In the first of his new hi-fi column, DR RICHARD VAREY looks at the meaning behind common – and not-so-common – categories.
There’s a lot of bad language in hi-fi circles. The mega-prolific conversations about hi-fi are riddled with sloppy speech.
In a near-desperate bid to understand and confront this befuddling fouling of our hobbyist chatter, I resorted to consulting a dictionary as well as a thesaurus, producing an enriching outcome. After careful thought, I have concluded that because the suffix “philia” denotes a strong feeling of attraction, we would better serve our talk by using clearly distinct terms.
Thus, an Audiophile has a propensity to (i.e. loves) high-fidelity sound reproduction. Clarity, dynamics, harmonics, and soundstage float their boats. Discerning and discriminating sonic character is an honourable pursuit. Their mantra is “listen to the quality of the reproduction”.
Similarly, a Technophile loves technology. They are inverted Luddites. They desire and crave the latest format, feature, and enhancement. Upgrade is in their genes. They are to be found amongst the early adopters of ‘new’ and ‘better’ products and techniques, unless they favour the classic vintage machine of yesteryear.
A Musicophile, on the other hand, is a music lover. Inspired empirical neurologist and psychiatrist Oliver Sacks wrote a book about them and it (Musicophilia: Tales Of Music And The Brain, 2007). They listen to music and it is an auditory, emotional, and motoric (i.e. with the muscles) experience. We are (almost) all musicophile to some degree, as we are susceptible to music. Many are passionately moved by music, while only a very few (who suffer musical anhedonia) remain indifferent.
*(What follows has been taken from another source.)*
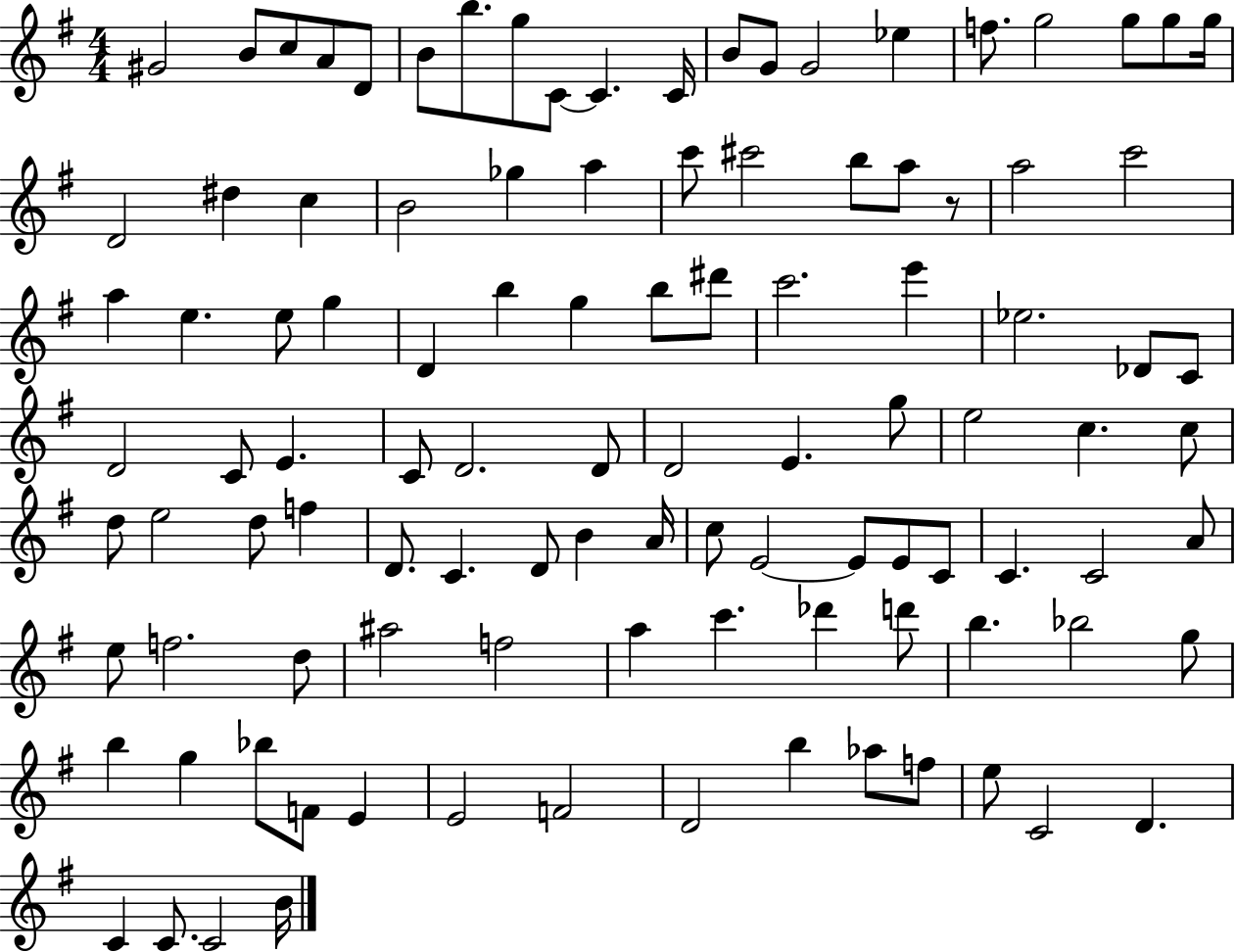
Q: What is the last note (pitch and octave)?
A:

Musicophiles may be interested in all of the music, or perhaps just the composition, the performance, and/or the sound of the music. The music carries the idea, composed in sound, which emerges in interpretation of the composer’s instructions and may aspire to communicate their idea. The sound of the music is the listener’s perception and interpretation of the idea conveyed by the musical performance. The musicophile is motivated by such things, and the emotional associations with people, places, and moods elicited in the mind when listening to played music.
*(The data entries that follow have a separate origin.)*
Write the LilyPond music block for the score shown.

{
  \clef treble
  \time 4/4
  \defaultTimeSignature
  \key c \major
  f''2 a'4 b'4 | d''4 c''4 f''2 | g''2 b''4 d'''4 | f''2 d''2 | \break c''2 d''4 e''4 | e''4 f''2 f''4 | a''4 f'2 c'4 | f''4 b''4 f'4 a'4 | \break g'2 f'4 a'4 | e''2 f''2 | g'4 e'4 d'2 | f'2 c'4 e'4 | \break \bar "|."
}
Thus, a musicophile may also be a technophile because they are an audiophile in their pursuit of true ‘natural’ musical experiences. The musicophile may be neither a technophile nor an audiophile. For them, it’s all in the music, and so are they.
Many electro-acoustic machine worshippers referred to as audiophiles are actually technophiles, and show little evidence of really enjoying great music, which may indeed be a distraction from measuring and testing (and pontificating).
Technophile, audiophile, and musicophile – these terms get (over-)used interchangeably – and most often wrongly. Except the latter, which rarely is used at all. This seems most odd, since there are way more musicophiles than audiophiles and even technophiles.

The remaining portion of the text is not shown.